Невил Шют (Nevil Shute, 1899–1960) — настоящее имя — Невил Шют Норуэй. Родился в местечке Илинг (графство Миддлсекс). В годы первой мировой войны служил в английской армии, после войны окончил Оксфордский университет. Увлекался аэронавтикой, работал инженером-авиаконструктором. Первый роман «Маразан» опубликовал в 1926 году. За этим романом последовали «Презренные» (1928) и «Что случилось с Корбеттами» (1939). С окончанием второй мировой войны Шют уехал в Австралию, где написал и опубликовал свои самые известные романы «Город как Элис» (1950) и «На берегу» (1957).В книгу вошли два лучших романа писателя: «Крысолов» и «На берегу».Сюжет романа «На берегу» лег в основу прославленного фильма американского режиссера Стенли Крамера «На последнем берегу».Nevil Shute.
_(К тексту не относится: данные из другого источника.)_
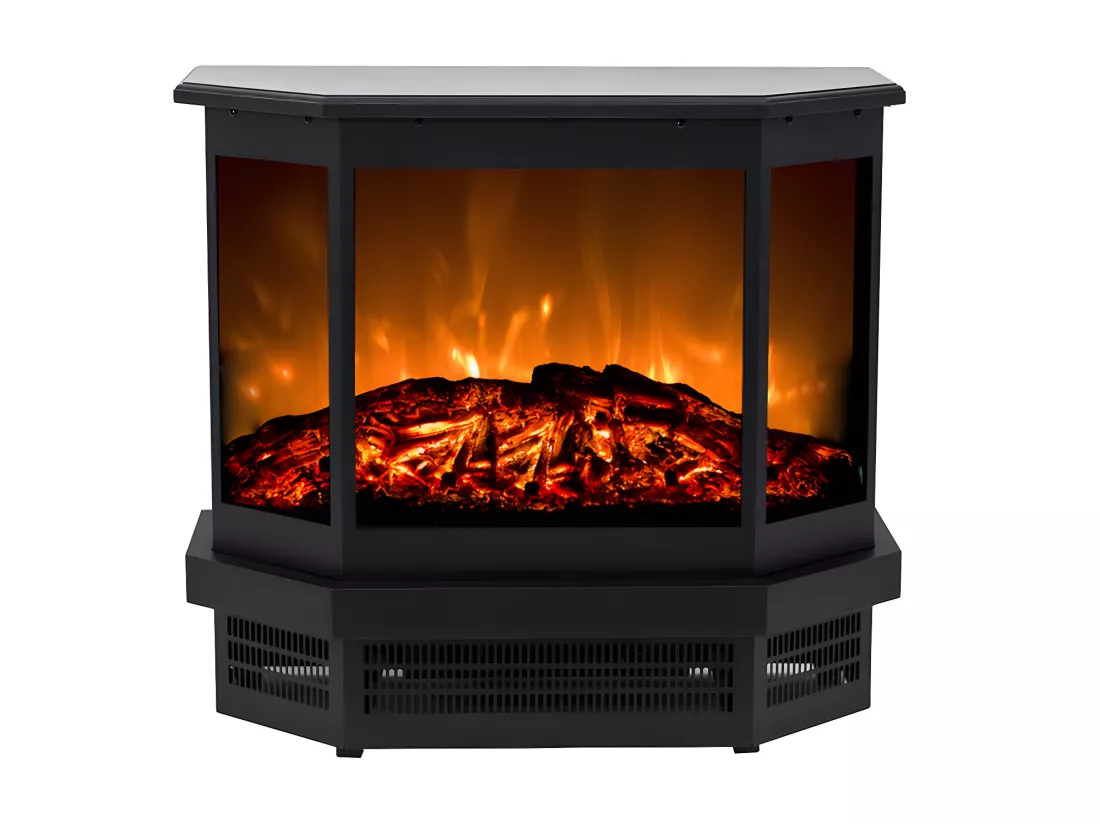 Cheminée électrique poêle ETNA - L55.8 x P22.5 x H51.6 cm - Noire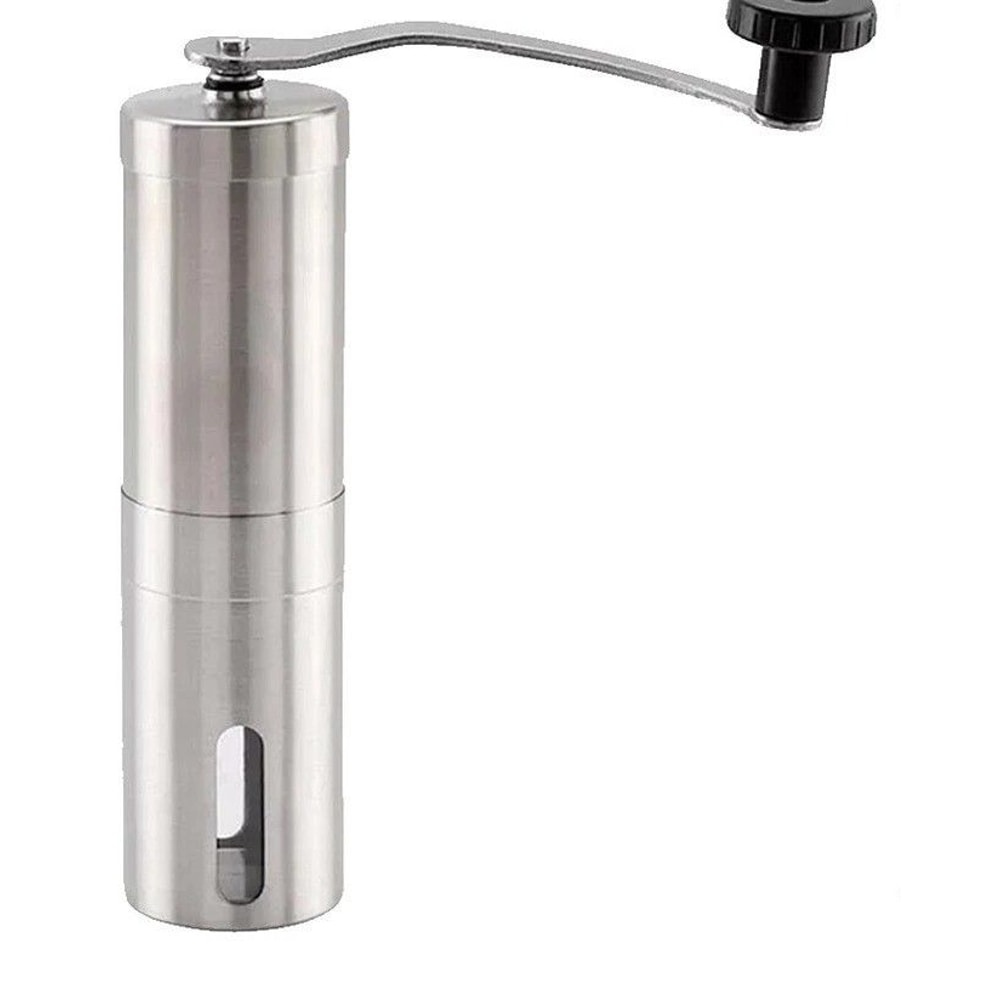 Portable Manual Coffee Grinder With Ceramic Burr Stainless Steel Hand Crank Bean Mill 0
Ярослав Гавличек (1896–1943) — крупный чешский прозаик 30—40-х годов, мастер психологического портрета. Роман «Невидимый» (1937) — первое произведение писателя, выходящее на русском языке, — значительное социально-философское полотно, повествующее об истории распада и вырождения семьи фабриканта Хайна.
В книге рассказывается история главного героя, который сталкивается с различными проблемами и препятствиями на протяжении всего своего путешествия. По пути он встречает множество второстепенных персонажей, которые играют важные роли в истории. Благодаря опыту главного героя книга исследует такие темы, как любовь, потеря, надежда и стойкость. По мере того, как главный герой преодолевает свои трудности, он усваивает ценные уроки жизни и растет как личность.